- Presented by: Gemma Hunt
- Opening theme: Swashbuckle
- Country of origin: United Kingdom
- Original language: English
- No. of seasons: 8
- No. of episodes: 208

Production
- Executive producers: Tony Reed (series 1) Vanessa Amberleigh (series 2–5) Sid Cole (series 6) Yvonne Jennings (series 7-8)
- Production location: England
- Running time: 22 minutes
- Production companies: BBC In-House Children's Production BBC Children's Productions BBC Studios Kids & Family

Original release
- Network: CBeebies
- Release: 6 July 2013 – 10 July 2022

= Swashbuckle (TV series) =

British television series

Swashbuckle is a television show on CBeebies aimed at young children which started airing on 6 July 2013. The show takes the format of a game show where children control a group of pirates. The show is one of CBeebies's most watched shows. It won the 2015 British Academy Children's Awards for Entertainment and was nominated in 2018.

== Format ==
The show takes place on the site of the shipwreck of the Scarlet Squid, in which three "naughty pirates" – a captain and her hapless shipmates – have stolen and hidden Gem's five jewels. Four children (known as Swashbucklers) compete in a series of games to try to win back the jewels, under the watchful eye of the ship's parrot Squawk. After two games, any remaining jewels are hunted against the clock as the children try to find them hidden within the shipwreck.

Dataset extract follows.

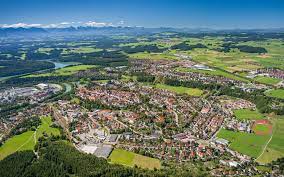 Bei allen einträgen finden sie die uns bekannte aktuelle adresse. Schongau West Raiffeisenbank Pfaffenwinkel Eg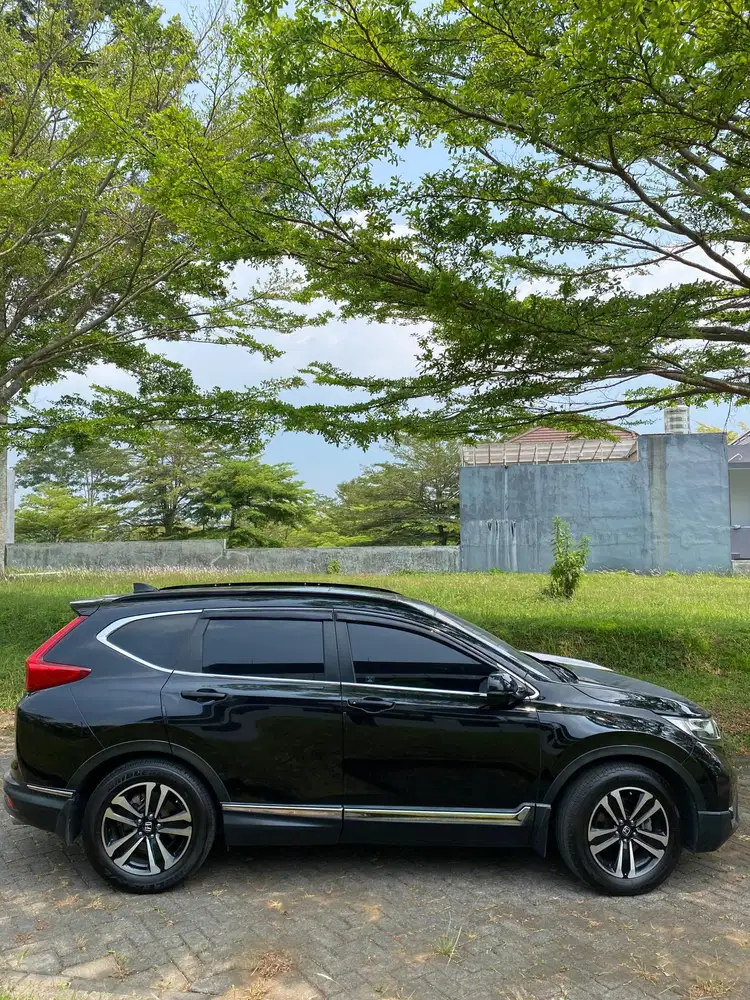 Honda CR-V 2017 Bensin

If the children successfully retrieve all of the jewels then a wheel is spun to determine which of the three pirates must walk the plank into the gunge-filled Ship's Mess. The children do not win in every episode, however.

Since Series 5, there was a new section added to the wheel with 3 hats on it, known as the “Triple Slop Drop”. If it lands on there, then all 3 pirates must walk the plank.

==Main characters==

| Character | Actor | Seasons |  |  |  |  |  |  |  |
| 1 | 2 | 3 | 4 | 5 | 6 | 7 | 8 |
| Gem | Gemma Hunt | Main |  |  |  |  |  |  |  |
| Squawk | Conor McNamara | Main |  |  |  |  |  |  |  |
| Captain Sinker | Ella Kenion | Main |  |  | Recurring |  |  |  |  |
| Cook | Joseph Elliot | Main |  |  |  |  |  |  |  |
| Line | Richard David-Caine | Main |  |  |  |  |  |  |  |
| Captain Captain | Jennie Dale |  |  |  | Main |  |  | Main |  |
| Captain HeyHo | Sophia Nomvete |  |  |  |  |  | Main |  |  |
| Sandy Toes | Ian Kirkby |  |  |  |  |  |  | Main |  |
| Seaweed | Tyler Collins |  |  |  |  |  |  | Main |  |

==Cast==
===Presenters===
- Gem – Gemma Hunt (series 1-8)
- Squawk – Conor McNamara (series 1-8)

===Pirate captains===
- Captain Sinker − Ella Kenion (series 1-4)
- Captain Captain − Jennie Dale (series 4-5, 7-8)
- Captain HeyHo − Sophia Nomvete (series 6)

===Pirates===
- Cook – Joseph Elliott (series 1-6)
- Line – Richard David-Caine (series 1-6)
- Sandy Toes – Ian Kirkby (series 7-8)
- Seaweed – Tyler Collins (series 7-8)

== Awards and nominations ==
Swashbuckle won the 2015 British Academy of Film and Television Arts award for Children's Entertainment and was nominated for that award, but did not win, in 2018.